Hibike! Euphonium does an excellent job of capturing this struggle; the framing of one’s desires or wishes against their own actions. In Episode 10-11, Yuuko makes it her own duty to create the stage for Kaori’s happiness, or what she perceives as Kaori’s happiness – getting the solo trumpet role for the competition. Her selfishness to see Kaori satisfied so that she can feel better for herself and become the martyr behind the curtains just as Kaori was with the first and third years is stunted by her actions of pleading with Reina to drop out of the auditions as well as her hesitant cheering for Kaori despite knowing that Reina is the better player. Her heart falters in the process, and by the end of it, she cries knowing that for Kaori, playing is enough – she doesn’t need the spotlight, as long as she’s doing her best.
Reina Kousaka is a different person, however. Hibike! Euphonium makes it a point from Episode 1 to show that she is uncomfortable opening herself up to other people, even former classmates like Kumiko and us, the audience. At first glance, Reina makes no attempts to talk to other people in the band; she practices alone, on the rooftops. If she says something, it is blunt and honest. She can’t end conversations – all she can do is walk away from them. We see her as any classmate does – weird, distant, moody.
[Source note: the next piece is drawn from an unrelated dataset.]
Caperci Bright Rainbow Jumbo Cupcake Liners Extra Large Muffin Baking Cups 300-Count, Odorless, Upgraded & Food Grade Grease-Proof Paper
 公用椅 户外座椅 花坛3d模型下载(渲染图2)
With more and more episodes however, it becomes increasingly clear that unlike other characters that often attempt to cover up their intentions with conceived notions of social etiquette, Reina does not care about facades. She herself does not know how to openly express her feelings toward the people she sees as befitting to receive those emotions, and as a result, she is consistently awkward, her body language never quite lining up with her words. This can specifically be seen with her constant interactions with Kumiko. They are beautiful but sparse moments in low-key environments where we see her true, raw self – a Reina unconstrained by classmates, the corridors and hallways of school, and whispering gibberish. Despite this, these emotional pauses are still clumsily dampened by Reina’s inability to convey what she actually wants to say. What comes out instead are jagged, fragmented and often at times too direct statements. Reina cannot hold herself back in these moments, and the results are junctures of emotional outbursts followed up by awkward silences.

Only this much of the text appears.